BEGIN Given records

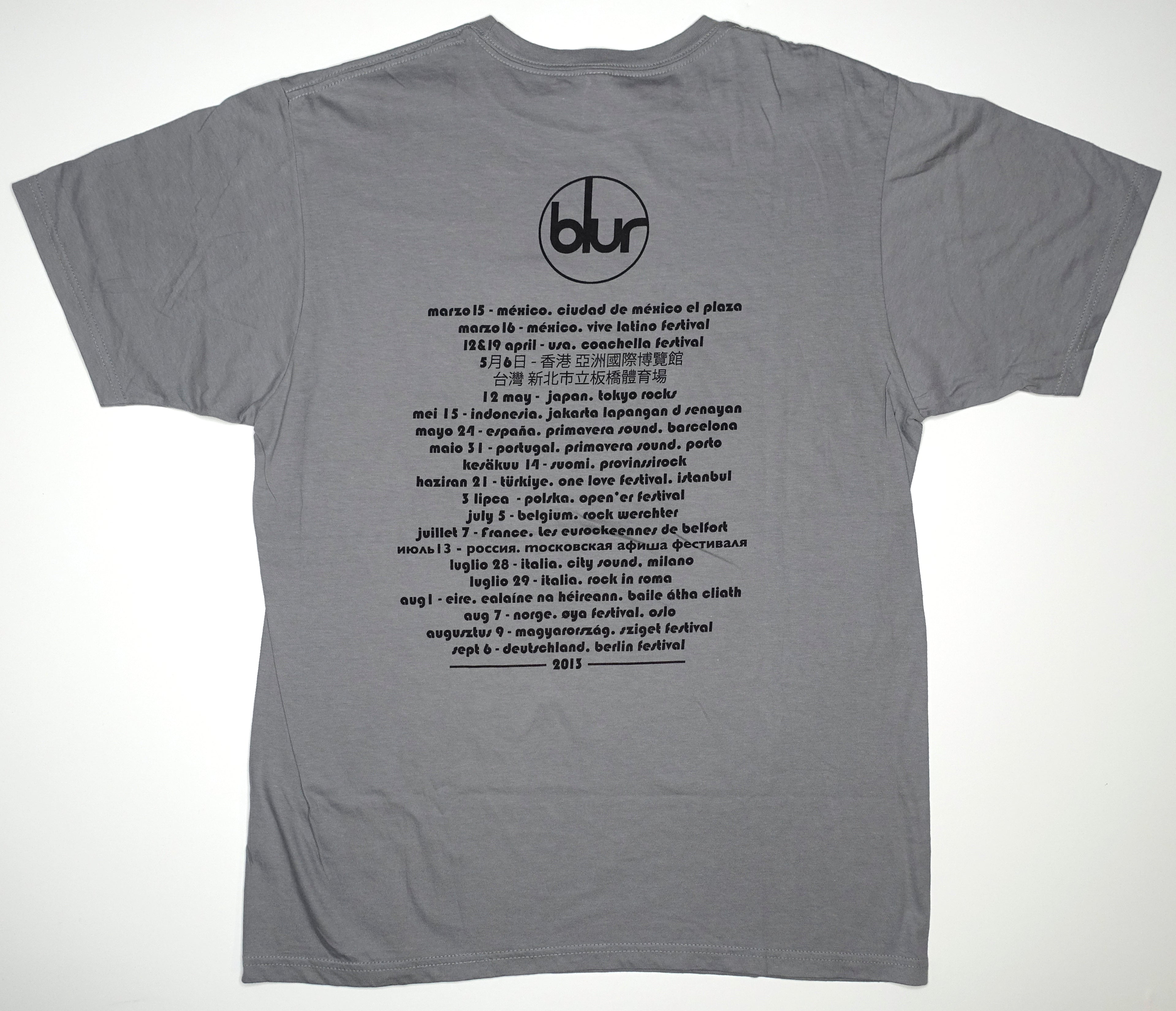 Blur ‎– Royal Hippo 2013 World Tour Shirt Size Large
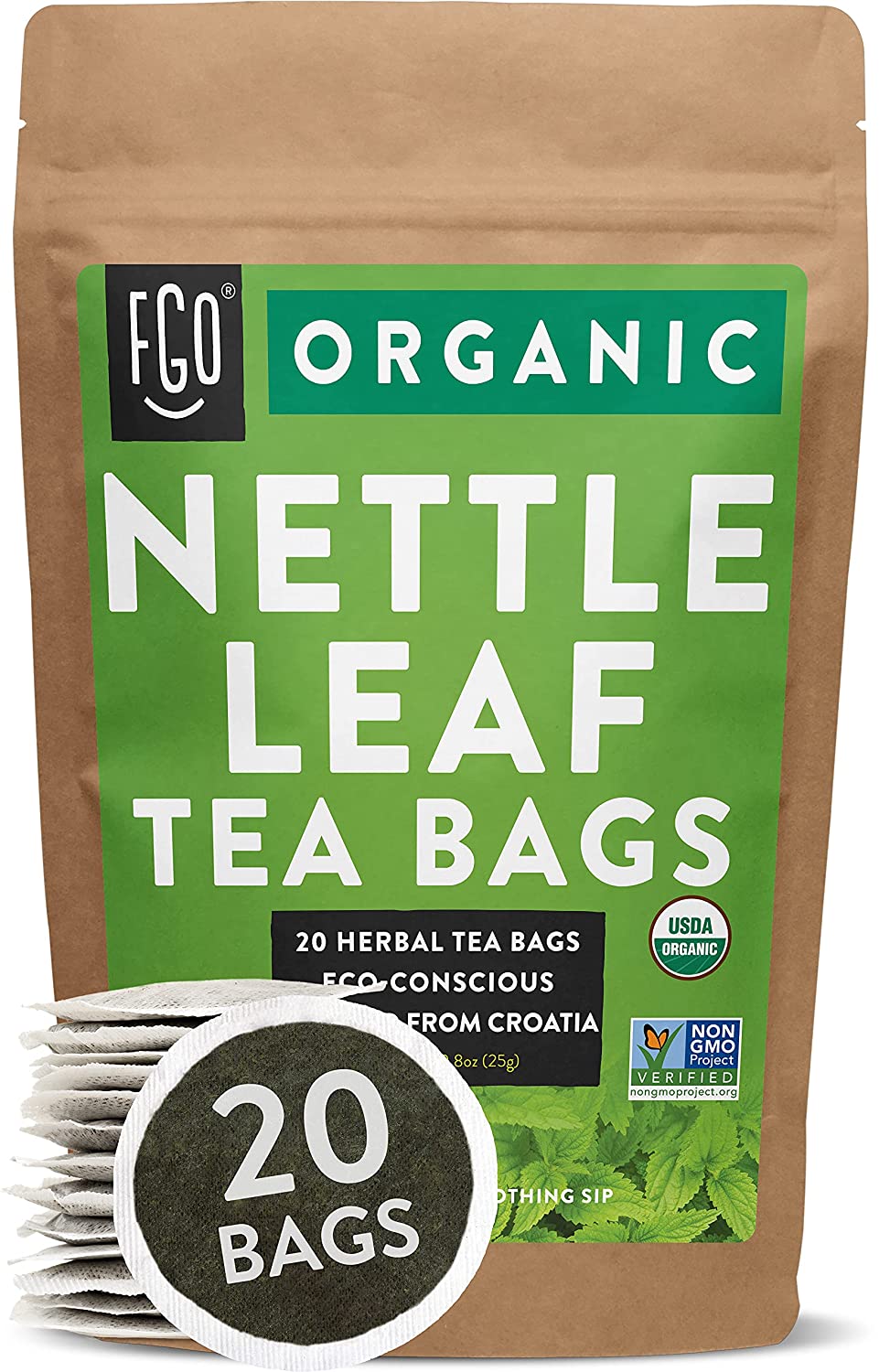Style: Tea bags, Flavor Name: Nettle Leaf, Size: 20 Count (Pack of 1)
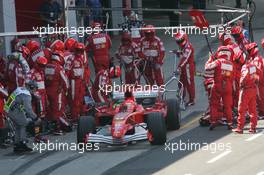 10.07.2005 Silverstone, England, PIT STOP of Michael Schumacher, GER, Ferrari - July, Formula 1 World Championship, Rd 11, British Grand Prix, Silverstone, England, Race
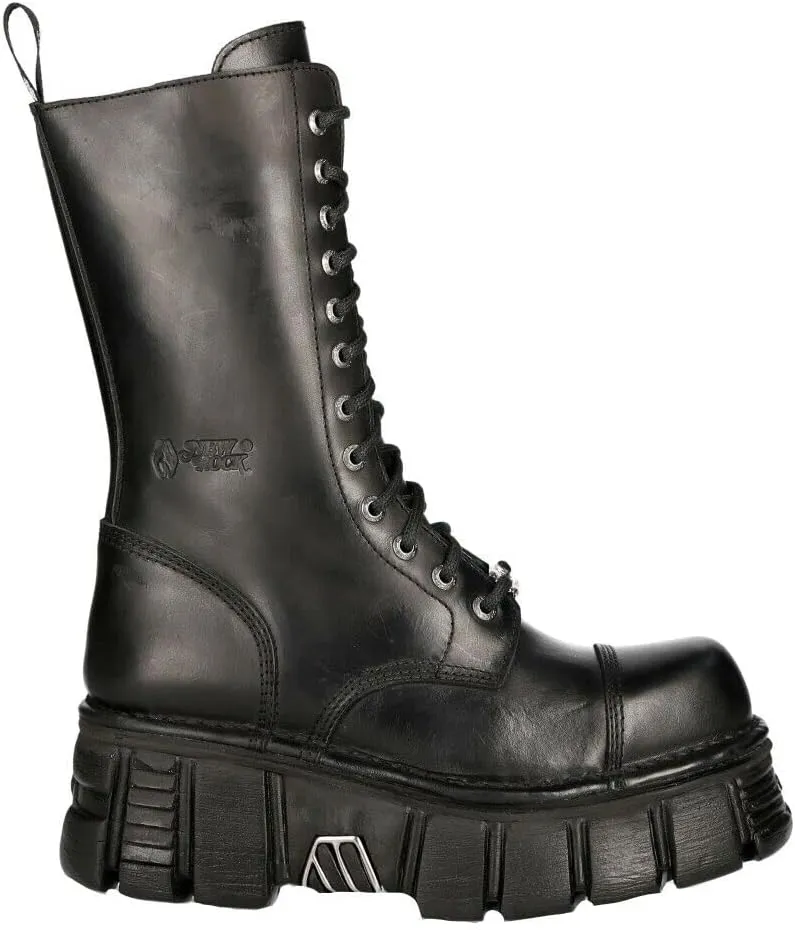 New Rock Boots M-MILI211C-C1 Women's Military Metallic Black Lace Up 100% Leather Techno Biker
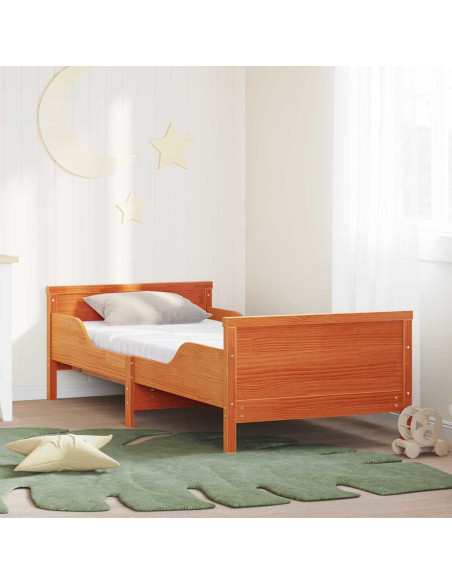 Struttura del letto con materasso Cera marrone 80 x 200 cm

END Given records

◆ Required work:
When the line containing "10.07.2005 Silverstone, England, PIT" has been located, retype it and each line after it through the end of the records, excluding the pictures and adding nothing else.

◆ Solution for this problem:
 10.07.2005 Silverstone, England, PIT STOP of Michael Schumacher, GER, Ferrari - July, Formula 1 World Championship, Rd 11, British Grand Prix, Silverstone, England, Race
 New Rock Boots M-MILI211C-C1 Women's Military Metallic Black Lace Up 100% Leather Techno Biker
 Struttura del letto con materasso Cera marrone 80 x 200 cm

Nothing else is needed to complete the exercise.